A couple weeks ago I was having this great conversation with a friend over coffee. It was mostly about music theory, which for me is a great conversation because I’m a nerd like that. It brought back some memories of my music courses in college. If you are ever feeling over-confident and think that you are in need of some public humiliation, I recommend taking an Aural Skills class. This horrifying experience is also known as sight singing and often accompanies music theory classes. The general idea is that you are training your ear to hear the intervals that you are seeing on the page when you are reading a piece of music. In this class everyone is subjected to public disgrace on a regular basis. You are forced to stand and sing a melody (chosen at random) in front of the class using the solfege syllables (that we all know from Mary Poppins – Do, Re, Mi, Fa…. You get the picture) while conducting and trying to stay in the same key you started in. The only comfort any of us had was that we weren’t alone in our shame because everyone sucked at this. Everyone except for Caleb. This dude somehow made that junk sound good. It almost brought tears to your eyes, like it was some kind of opera in a different language that you didn’t understand. He would finish and everyone would just sit quietly, despising him for his talent, and praying to a just God that they would not be called next. I sat near Caleb for the first few days of class and thought that we would be friends, until we had the first singing test and then I was too ashamed to speak to him again. Anyway, after a whole semester of this torture, the professor told me that since I was taking theory classes as electives that I didn’t really need to take the course at all. I was about to go Mortal Kombat on her for not telling me that 4 months ago when the stupid class began and then I remembered that she was my old roommate’s Mom and that wouldn’t be cool. Otherwise, it could have gotten crazy. That’s all I’m sayin’.

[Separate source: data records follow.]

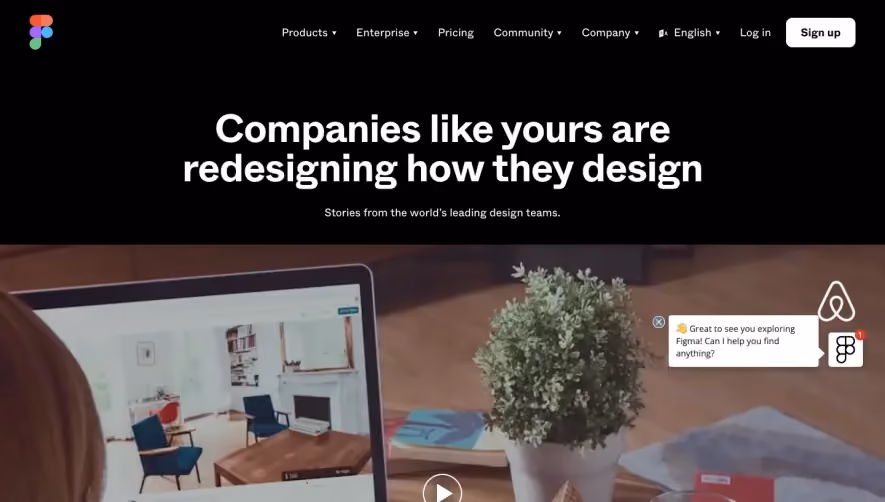 Figma Customers Page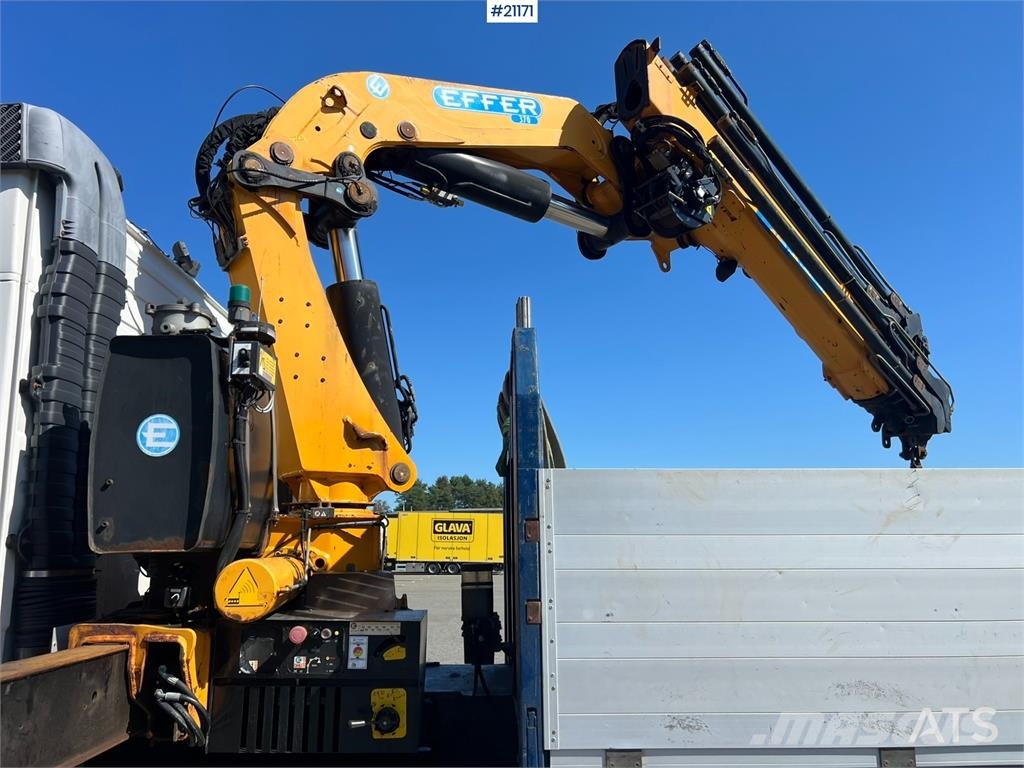 Volvo FM480 crane truck w/,370.11/8S Effer crane WATCH V Nosturiautot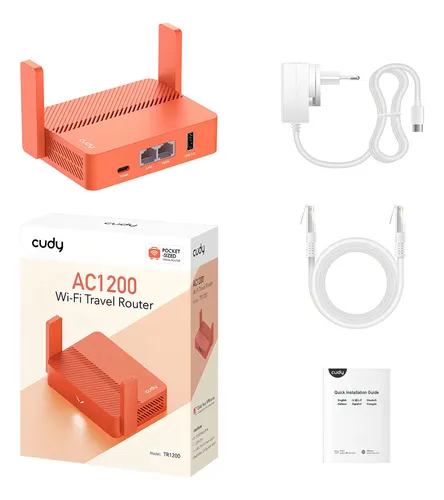 Router Vpn De Viaje Wi-fi Ac1200 Tr1200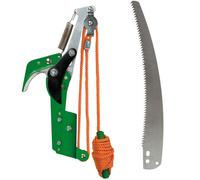 TAGLIARAMI CESOIA LAMA ANTIRUGGINE SEGACCIO 350MM SVETTATOIO POTATURA CORDA 3,5M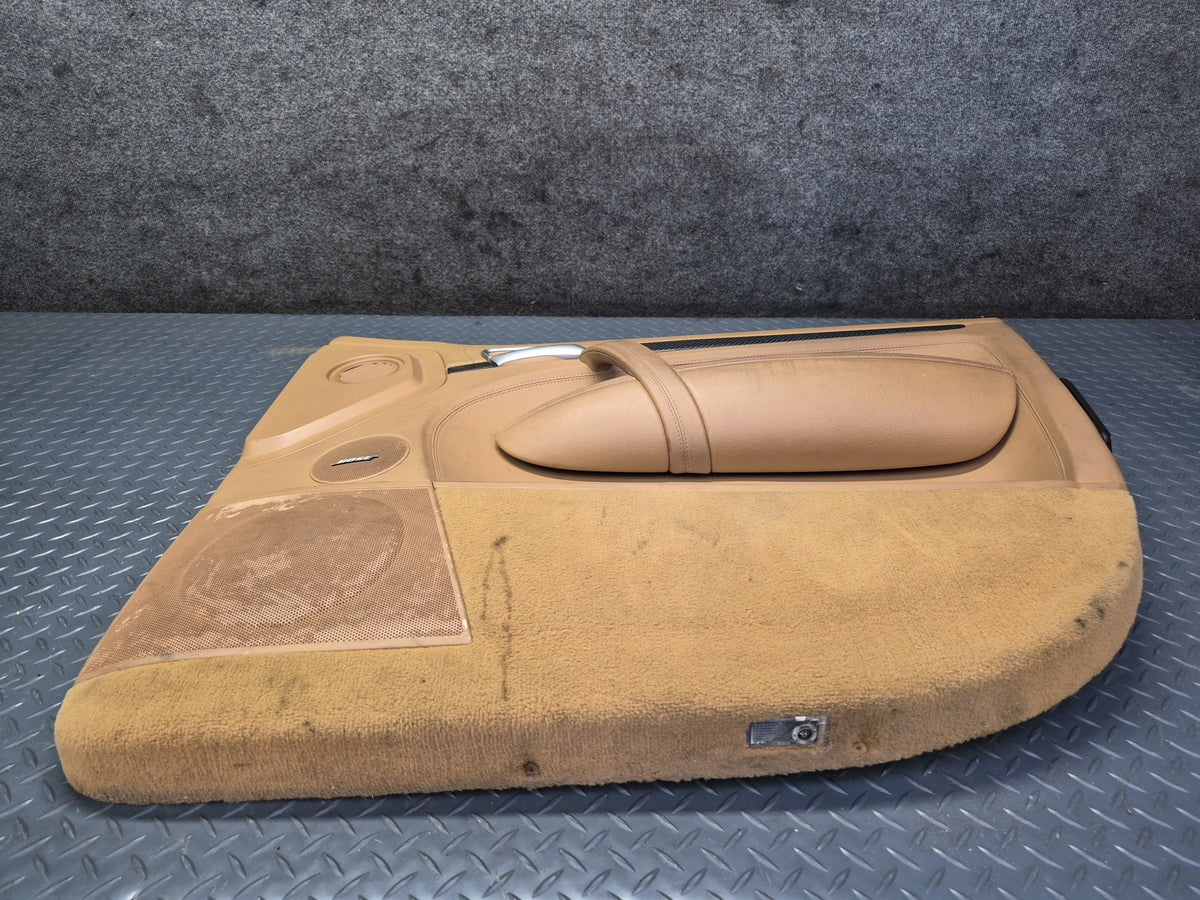 2008-2010 Porsche Cayenne 957 Front Door Interior Trim Panel Beige Set Damaged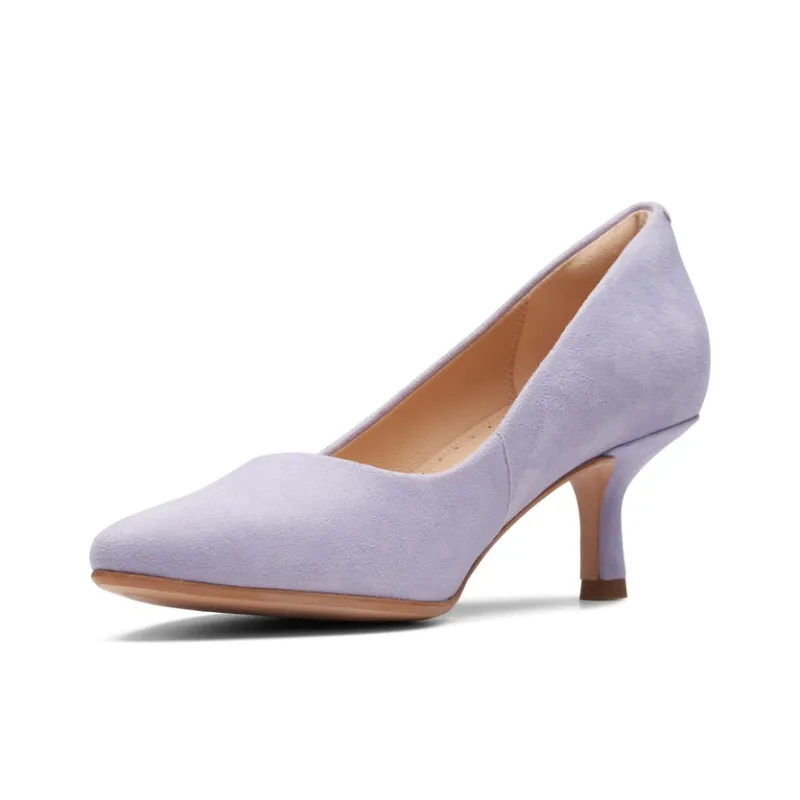 Clarks Violet Series Slim Heel High Heels Women's Purple-1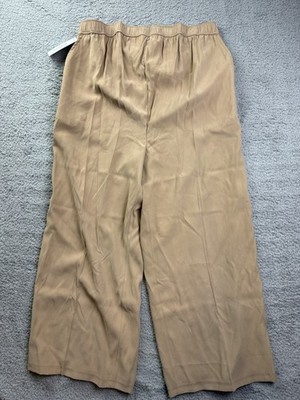 Isabel By Ingrid & Isabel Pants Womens Large Beige Wide Leg Maternity Pull On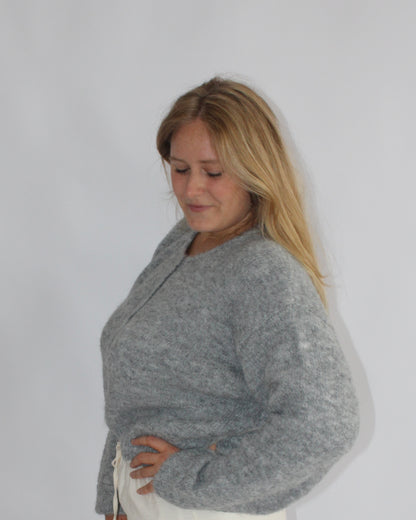 Heather Gray Long Sleeve Cardigan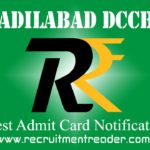 Adilabad DCCB Admit Card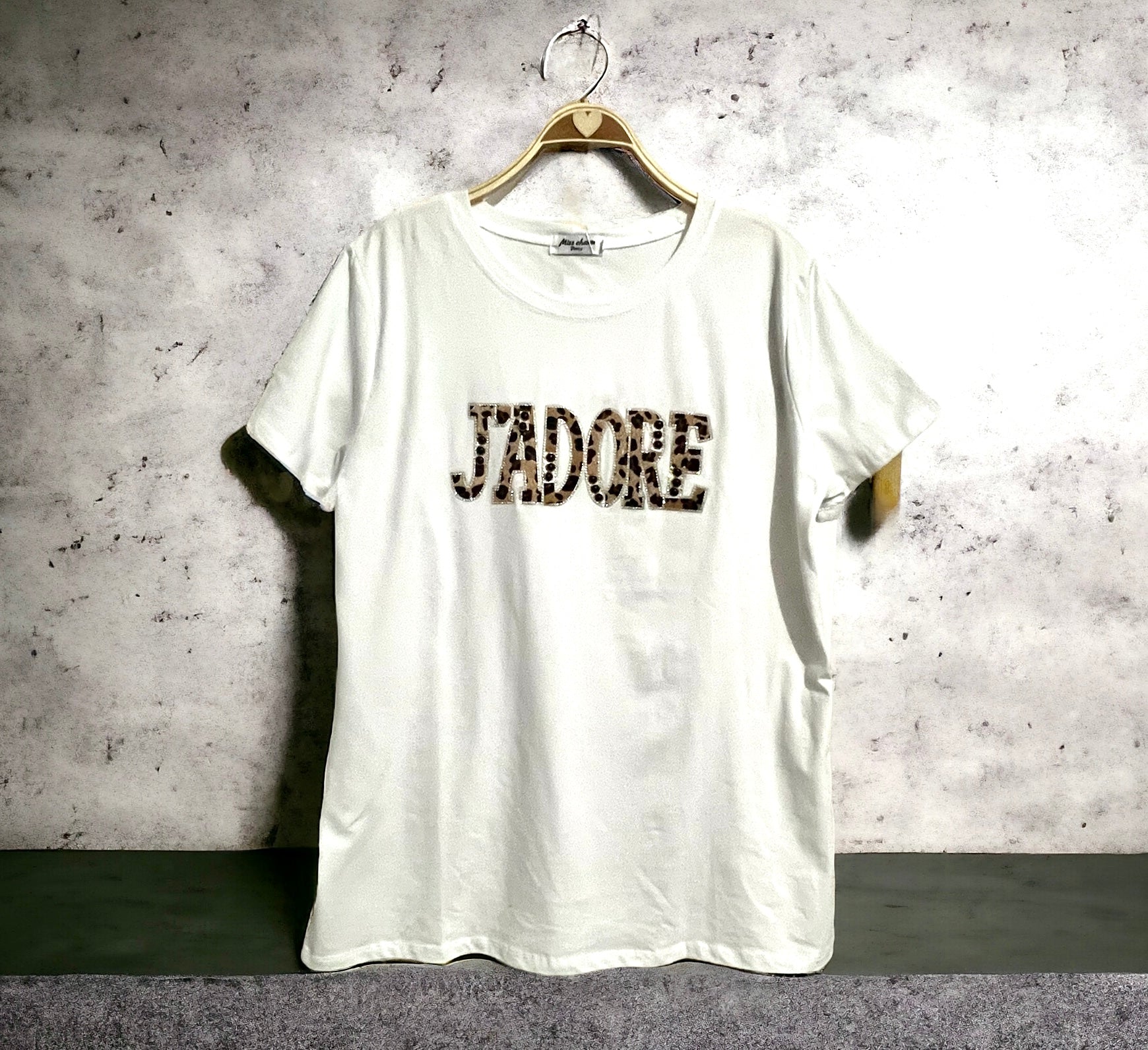 Camiseta "Jadore" blanco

I did actually get a lot out of that class, and all of my theory courses. I love stretching my understanding of how music works, but more than that, I love playing music. That may sound obvious but it is crazy how often we seem to prefer theory to practice. Almost every leader reads the same books (or at least has the same books on their shelves, so people will think they read them) but only a few will ever practice the principles they discover. Before you have your first child, people tell you all kind of theories and recommend all kinds of books on parenting. Yet, most parents have no strategy or plan for how they are raising their children. They might know tons of different theories, but they practice none. There are a ton of Christians that love to talk about deep theological ideas or debate about end times prophecy, miraculous spiritual gifts, or whatever… But, in practice, they do little or nothing that would point to Christ working in and through their lives.
I heard Matt Chandler say once that “people always want new revelation, what they don’t want is to do what they already know.” And it is all too true. We always want some new thought, new idea or new theory. Some understanding that sets us apart from the rest, that puts us in a more exclusive group. That kind of learning is really more about pride than knowledge. And I’ve been as guilty as anyone could be of this. It’s just so much easier to learn theory than it is to do something with it. Learning doctrine and theology is something you have control over. You read the books, you put in the time, you come out with the knowledge. But practicing love, compassion, missional living…. Those kind of things require the more uncomfortable disciplines, they require inconveniencing yourself, they require sacrifice. And they involve the unpredictable variable of other people.
Now I’m all for learning and studying theology, and digging into the controversial issues to find out why you believe what you believe. I think every Christian should be an aspiring theologian, because practice without understanding can be misguided and has dangers of its own. But there are far more sobering warnings in the scriptures towards those who know truth but don’t live in light of that truth.
All in all, theory is easy. It’s practice that’s hard. Well… practice and sight singing.